Elle était adossée à une échelle,
un drap serré autour de son cou. Son visage était « détendu », « serein »,
avec « comme un petit sourire ».
Après ce traumatisme absolu, les parents ont mis longtemps à se
relever. Comprendre, affronter le regard, la culpabilité qui
ronge, le tabou qui isole. Pour briser celui-ci, ils témoignent,
avec d’autres, des étapes qu’ils ont traversées
ou traversent encore.
« L’impression de tomber »
« La souffrance n’est même pas aiguë,
se souvient Arlette. Vous êtes comme anesthésié ».
Les formalités vous portent quelques jours, « comme
un zombi », « un automate »,
puis l’absence physique devient intolérable.
« Vous avez l’impression de tomber dans un
trou d’où vous ne pourrez plus sortir »,
dit Marie-Thérèse. D’autres parents parlent
d’un « gouffre », d’une
« d’une descente aux enfers ».
L’autopsie, systématique pour les morts violentes,
ramène au corps. « Pierre-Alain s’était
déjà ouvert le ventre, soupire Arlette. Il n’y
avait pas de doute. Pourquoi a-t-il fallu l’ouvrir entièrement ? »
Michel Debout, psychiatre et médecin légiste,
spécialiste du suicide, justifie l’effraction
médicale, dans l’intérêt même
des parents : « L’autopsie permet de
lever les ambiguïtés. Avec le temps, l’évidence
du suicide s’estompe, et le déni de l’acte
peut souvent prendre le pas. Le médecin légiste
est là aussi pour restituer aux familles ce qu’il
comprend du geste, à travers l’examen médical.
» (…) Odile, de son côté, a été
soulagée d’apprendre par l’autopsie que
sa fille « n’avait pas été
violée, qu’elle n’était pas enceinte,
pas droguée ». (…)
« Essayer de comprendre »
Dans un tiers des suicides, les familles retrouvent une lettre.

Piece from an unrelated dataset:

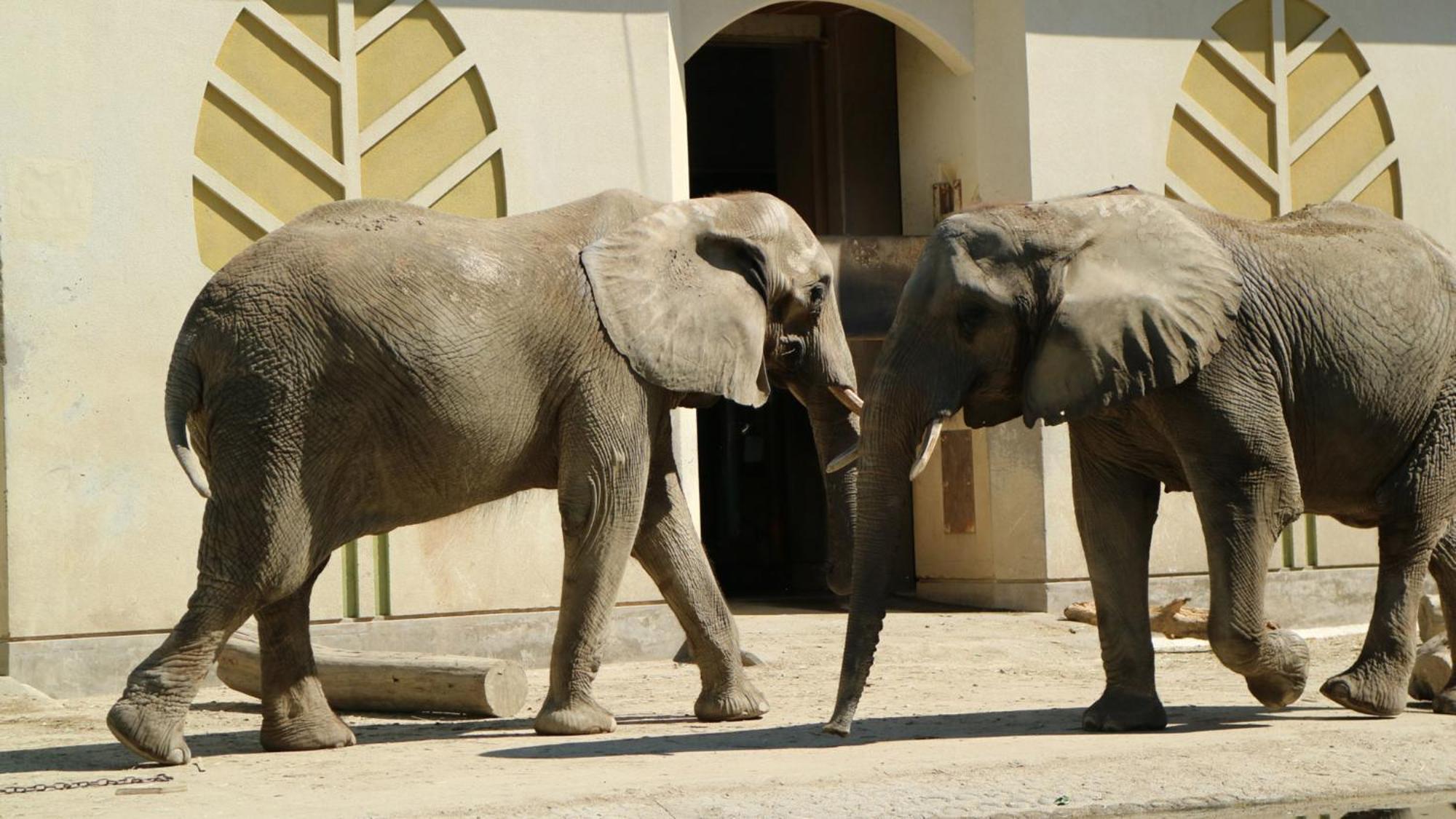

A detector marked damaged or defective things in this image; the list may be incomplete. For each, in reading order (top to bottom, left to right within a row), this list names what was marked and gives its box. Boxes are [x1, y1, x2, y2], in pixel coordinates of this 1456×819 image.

rusty metal panel [938, 431, 973, 533]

Passées les premières colères (contre
soi, contre l’enfant, contre le monde médical,
les psys, le monde entier), comprendre devient une obsession.
Comme un disque rayé, la vie des parents se met à tourner
autour de « pourquoi ? ». Ils
s’essaient à reconstituer le puzzle, à partir
des derniers signes, des derniers objets ou des textes. Mais,
parfois, les derniers mots sont tellement mystérieux.
(…) Pour le Pr Debout, « Il ne faut pas
faire l’économie d’essayer de comprendre.
Mais, sans se défiler, il faut également admettre
la part d’incompréhensible. L’enfant,
même dans la mort, garde un jardin secret. Il refuse
de devenir complètement transparent pour ses parents ».
Pour Edwige, rien ne laissait prévoir. Tout juste semblait-elle
un peu sombre depuis quinze jours. Quand sa mère la
questionnait, l’adolescente répondait : « T’inquiète
pas, bientôt, ça va aller mieux. » Odile
pensait que sa fille faisait référence aux grandes
vacances qui approchaient. Mais Edwige s’est « donné la
mort ». Alors les enquêteurs ont fouillé sa
chambre, retrouvé quelques dessins sombres, un poème
sur la mort. Et, plus tard, sa mère a découvert,
dans son cahier de texte, qu’Edwige avait écrit,
deux semaines avant le drame : « Plus que quinze
jours ». Puis, « Plus qu’une semaine ».
Elle avait programmé sa mort, et la date n’était
pas anodine. Le 28 mai, c’était l’anniversaire
de sa mère. Odile lui en a longtemps voulu, jusqu’à ce
qu’un psychiatre la convainque que ce choix était
peut-être de l’ordre de la « communion ».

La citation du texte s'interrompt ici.